Exercise requirements: The entries are to be repeated exactly, with all pictures omitted.
********
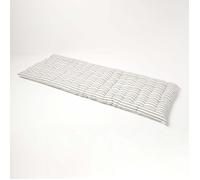 Coussin pour banc de jardin - HOMESCAPES - Rayures grises - 143 x 48 x 5 cm - Matelas de sol - Coton et polyester - Extérieur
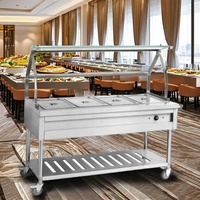 Table à vapeur électrique en gros, en acier inoxydable, chauffe-plats pour buffet, présentoir alimentaire commercial pour restaurant et traiteur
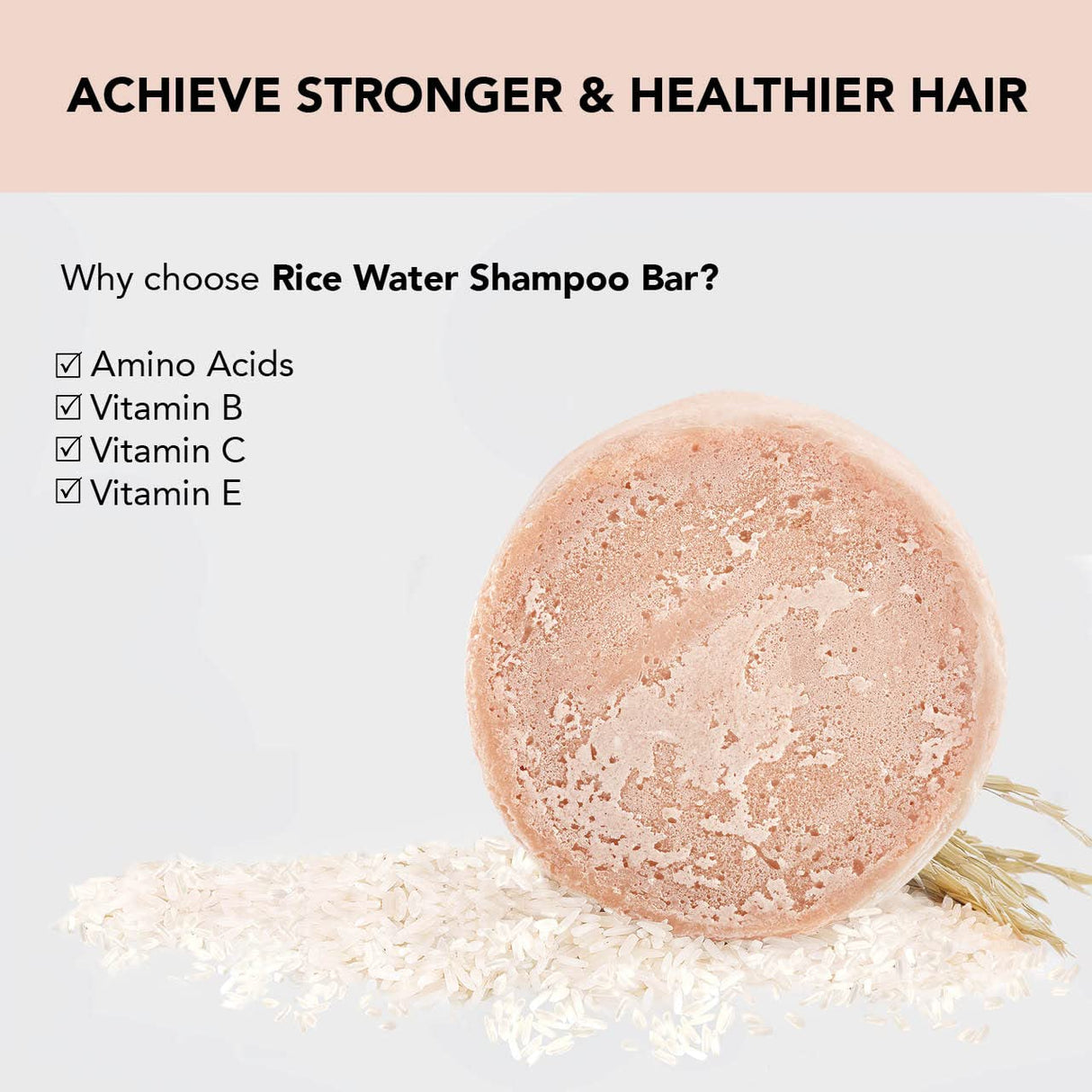 Champú en barra de arroz para el cabello y el afeitado.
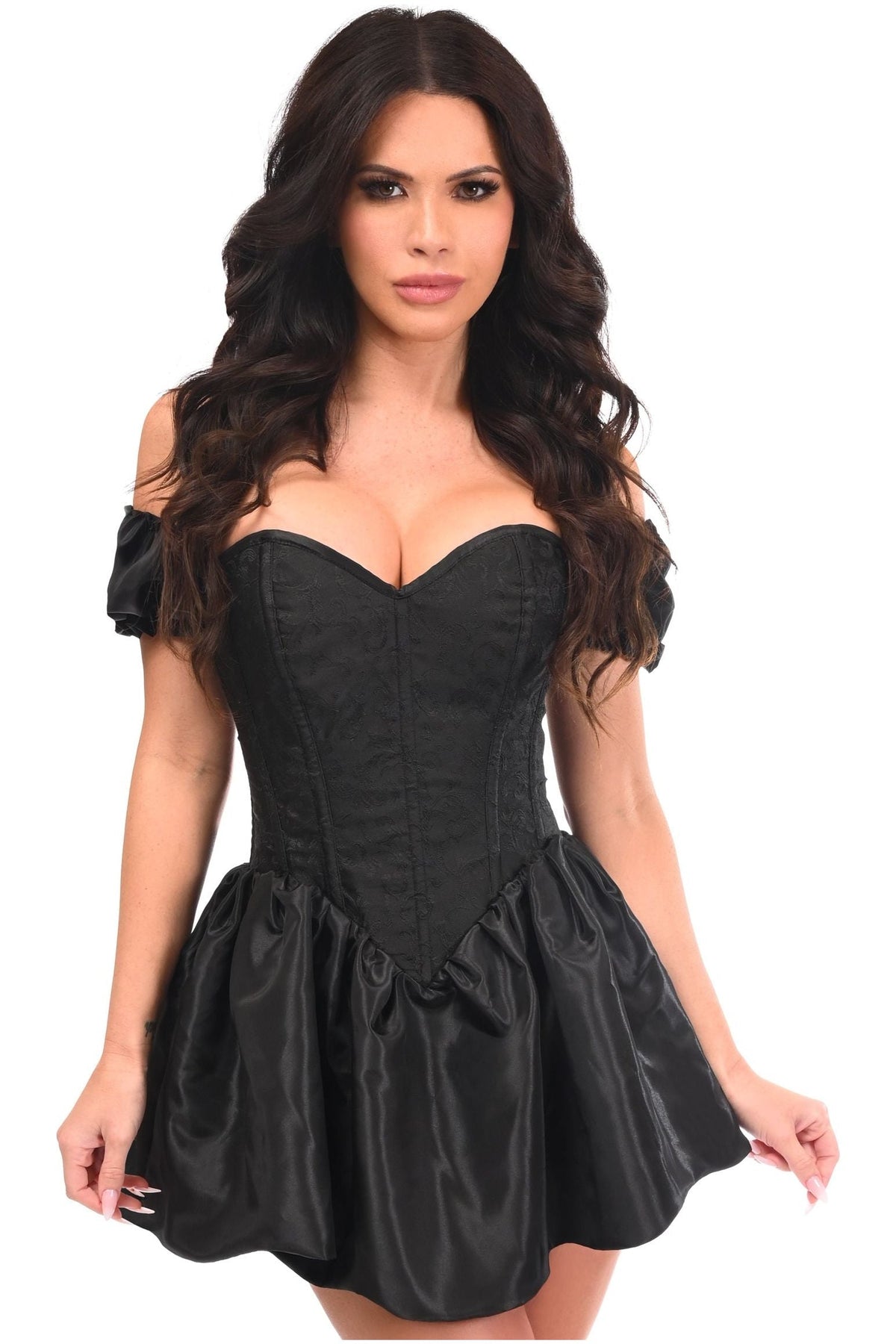 Daisy Corsets Top Drawer Steel Boned Black Brocade & Taffeta Corset Dress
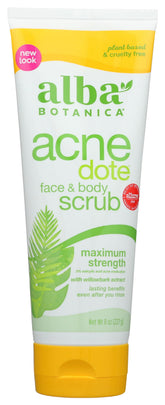 Alba Botanica Acnedote exfoliante en frasco, limpieza profunda del rostro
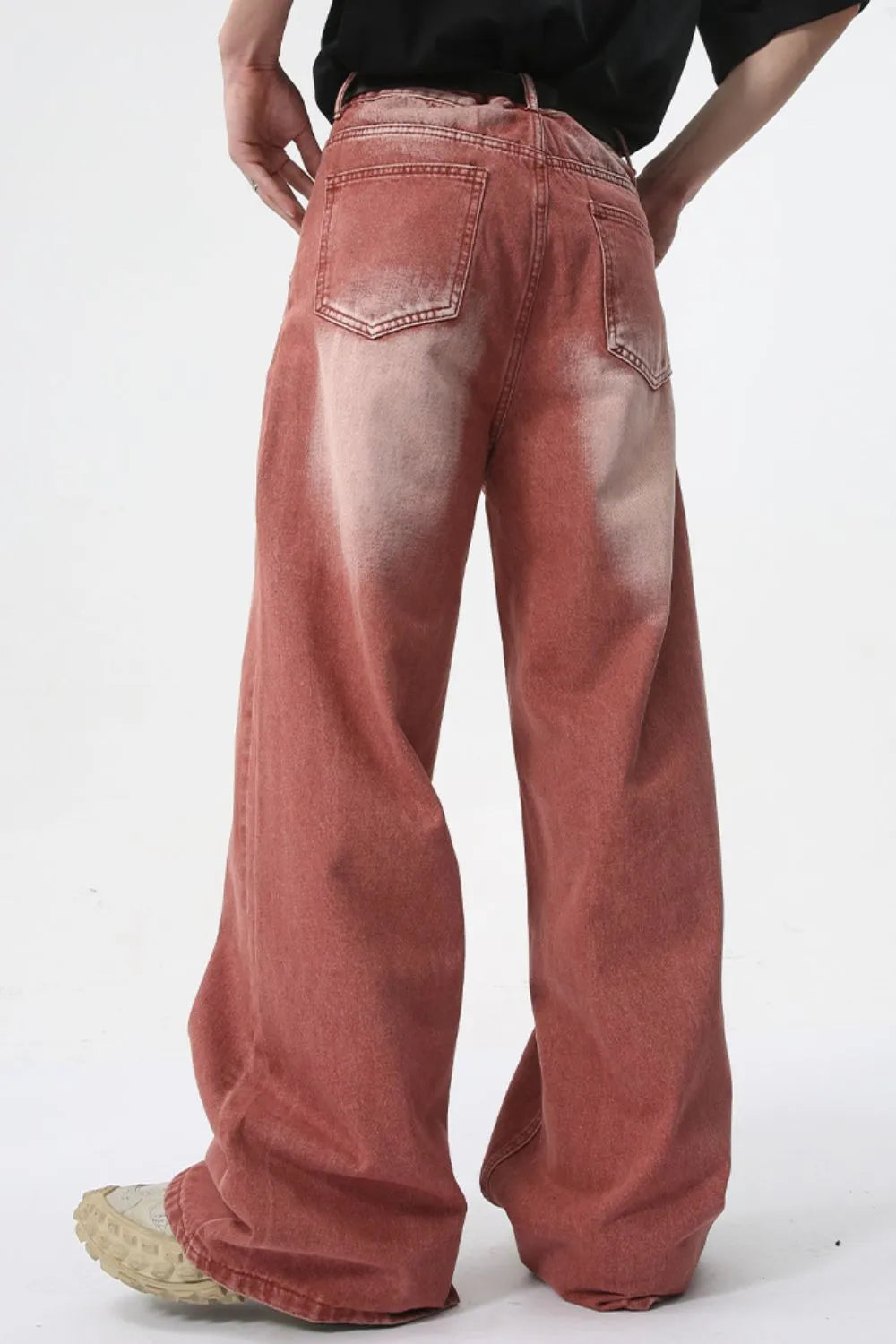 Men's Washed Wide Leg Jeans - -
********
Exercise answer:
 Coussin pour banc de jardin - HOMESCAPES - Rayures grises - 143 x 48 x 5 cm - Matelas de sol - Coton et polyester - Extérieur
 Table à vapeur électrique en gros, en acier inoxydable, chauffe-plats pour buffet, présentoir alimentaire commercial pour restaurant et traiteur
 Champú en barra de arroz para el cabello y el afeitado.
 Daisy Corsets Top Drawer Steel Boned Black Brocade & Taffeta Corset Dress
 Alba Botanica Acnedote exfoliante en frasco, limpieza profunda del rostro
 Men's Washed Wide Leg Jeans - -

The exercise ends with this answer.